Боль
3 марта 2023 г., 19:40
За всю ночь Сукуна так и не сомкнул глаз. Он смог поспать совсем недавно, поэтому этой ночью в этом не было необходимости. Тем более, что кто-то из них должен следить за обстановкой.
Остаток ночи Сукуна следил за Фушигуро.
Следил за тем, как его острое лицо во сне все равно не смягчается — Фушигуро, кажется, никогда не дает ему смягчиться. Улавливал, как трепыхается во сне ворох ресниц, таких длинных. Таких острых. Если бы Сукуна задержался на них на мгновение дольше, вероятно, распорол бы себе грудь.
А события ночи и так достаточно его изломали.
Ему нужно обдумать, нужно понять, как действовать дальше, что вообще сказать Фушигуро после этого. Как не позволить ему развалиться? Почему эта мысль так едко оседает в сознании, Сукуна не ведает. Когда появилась оглушительная потребность в сохранении Фушигуро — Сукуна не знает.
Возможно, не хочет знать.
Это пугает.
Пугает ещё сильнее, учитывая его дальнейшие планы на Фушигуро. И он мог бы воспользоваться моментом, мог бы проскользнуть через все контракты и все же провернуть задуманное.
Только вот Сукуна понимает, что не может.
Не хочет.
И это хоть и ужасает, но все равно почему-то не кажется чем-то неправильным, напротив — ощущается абсолютной истиной.
Вглядываясь в сжатую челюсть Фушигуро, Сукуна осознает, что не хочет рушить его дальше.
Не хочет рушить до поломанных костей и перетертых через мясорубку мышц. Не хочет втыкать иглы в трепыхающееся сердце, не хочет оставлять порезы, что станут яркими шрамами, темнеющими на холоде.
Фушигуро кажется таким холодным.
Почти мертвым.
Если бы Сукуна не слышал его ровного дыхания, то легко бы в смертность поверил, но одна мысль о том, что Фушигуро мертв, вызывает в груди непонятное острое жжение.
И потребность прижать Фушигуро ближе.
Сукуне нужно понять, что сказать Фушигуро, когда тот проснется. Как вообще после такого завести диалог?
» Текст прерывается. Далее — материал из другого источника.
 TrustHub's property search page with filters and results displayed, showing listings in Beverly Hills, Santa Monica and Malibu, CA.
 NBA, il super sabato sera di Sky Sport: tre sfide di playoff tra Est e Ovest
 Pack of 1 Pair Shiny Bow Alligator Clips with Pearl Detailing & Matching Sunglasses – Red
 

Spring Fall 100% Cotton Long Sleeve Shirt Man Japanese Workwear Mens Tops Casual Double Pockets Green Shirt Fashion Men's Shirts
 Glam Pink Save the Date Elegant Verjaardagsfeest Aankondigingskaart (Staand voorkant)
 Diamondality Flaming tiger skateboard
И он же действительно не видел в списках участников колонии Фушигуро Цумики.
Вдруг вспоминается голос, которым Фушигуро просил его найти дерево, которым сказал о том, что в последнее мгновение на него смотрели глаза Цумики, — сдавленный, нарочито спокойный, хриплый, пустынный.
Сукуна впервые слышал Фушигуро таким.
Впервые видел такой ужас в его светлых чистых глазах. В его глазах, так страшно напоминающих лазурное небо, так страшно похожих на что-то ясное, солнечное. Никаких чертей, никаких преисподних.
Чистота.
Такой взгляд Сукуне все же однажды удалось ухватить, там, на кухне, когда он рассказывал Фушигуро о том, что было тысячи лет назад. И этот чистый, такой открытый взгляд казался благословением, казался самым ценным сокровищем, что Сукуна когда-либо находил.
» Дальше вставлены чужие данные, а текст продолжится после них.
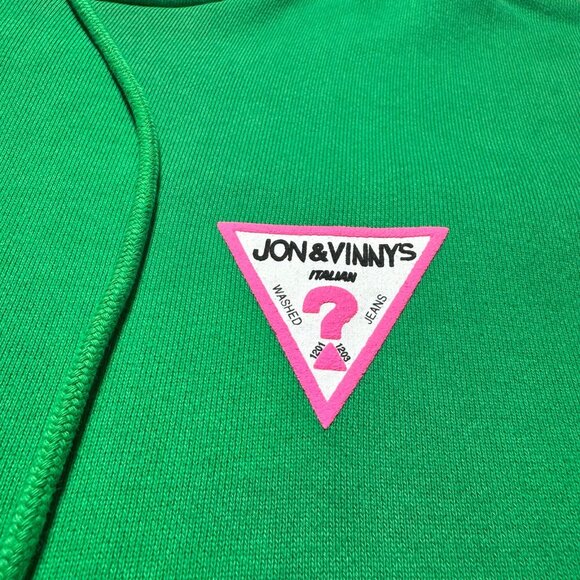 Guess USA x Jon & Vinny's Italian Green Hoodie Sweatshirt Made in USA Medium NEW - Picture 4 of 12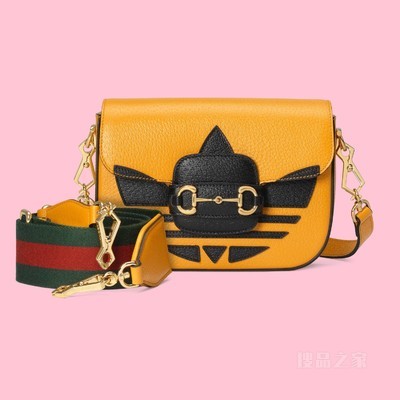 adidas x Gucci Horsebit 1955系列迷你手袋 黄色和黑色皮革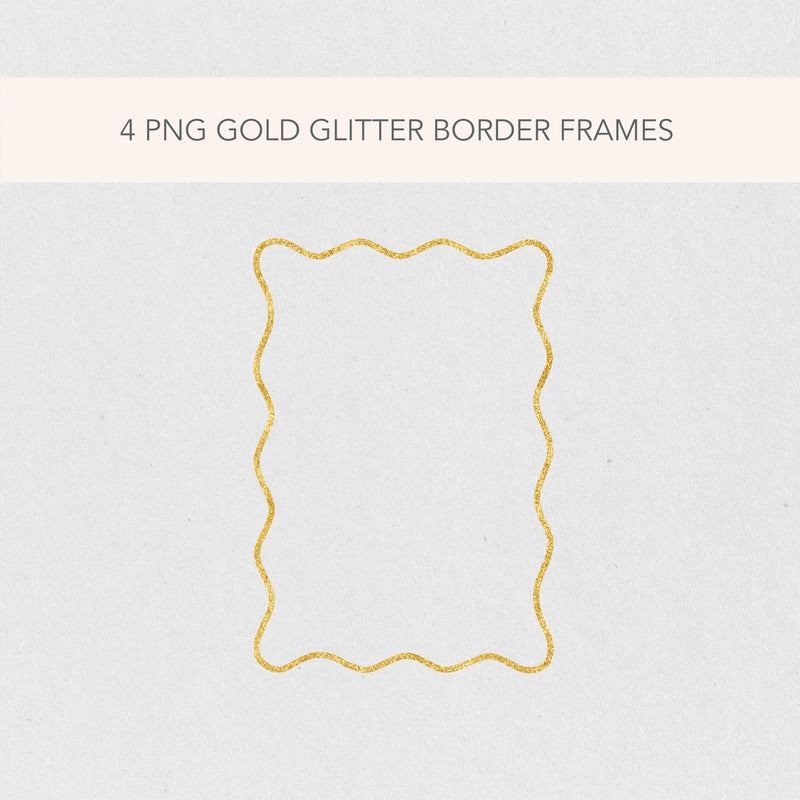 Glitter Gold Wavy PNG Clip Art Border Frame Illustrations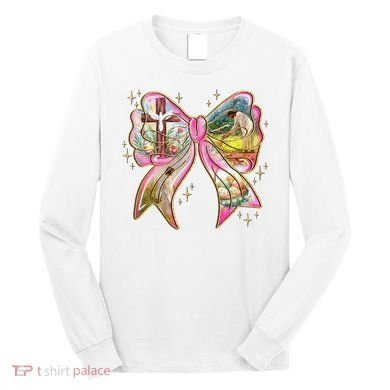 He Is Risen Easter Cross Coquette Jesus Christian Religious Long Sleeve Shirt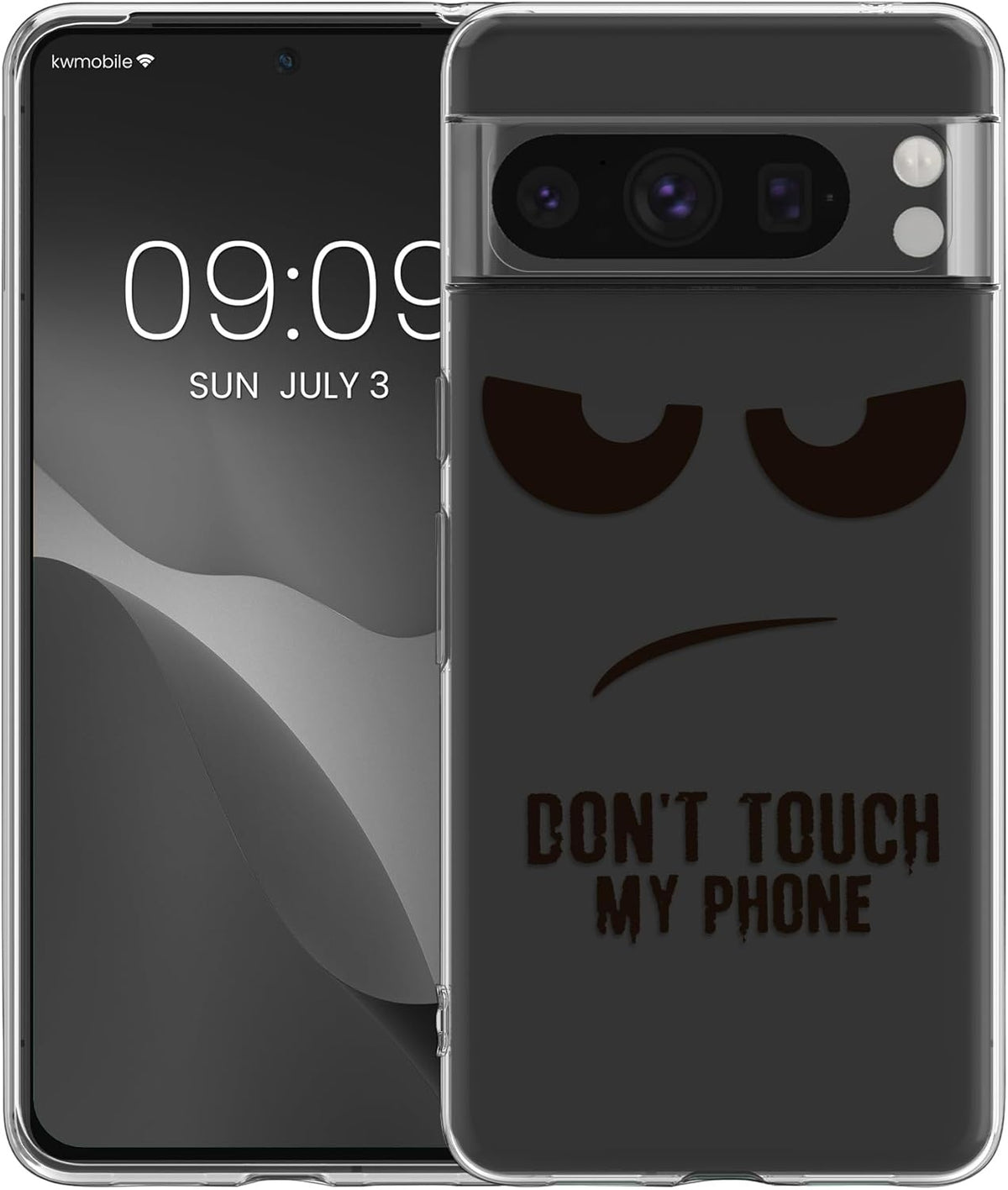 Θήκη Google Pixel 8 Pro - KWmobile TPU Case Σιλικόνης - Don't Touch My Phone / Transparent / Black (KWM000020JM003C)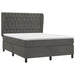 Pat box spring cu saltea, gri închis, 140x200 cm, catifea - WALTI WALTI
Думать так о шамане — страшно, неправильно, уродливо.
Думать так о Фушигуро — истина.
Кажется, Сукуна тысячу лет шел именно к этому, к познанию истины, заключённой в светлых, прозрачным небом светящихся глазах.
И теперь, так осторожно выпутываясь из-под рук Фушигуро, Сукуна отчаянно понимает, что совершенно не знает, как начать разговор.
Что говорить.
Кажется, все слова лишние, и на язык они совершенно не ложатся, только изрезают его глубокими порезами — вдоль, поперек, диагонально. Все слова оказываются неподходящими, странными, неуместными.
Такими давящими.
И.
Такими страшными.
Пусть Фушигуро этого и не показывает, но изнутри он сломан. Все подреберные города снесены пожаром, все сохранившиеся здания обваливаются по кусочкам, давя чудом выживших людей. Изнутри Фушигуро слишком разломлен, изрубцован, лезвием порезан.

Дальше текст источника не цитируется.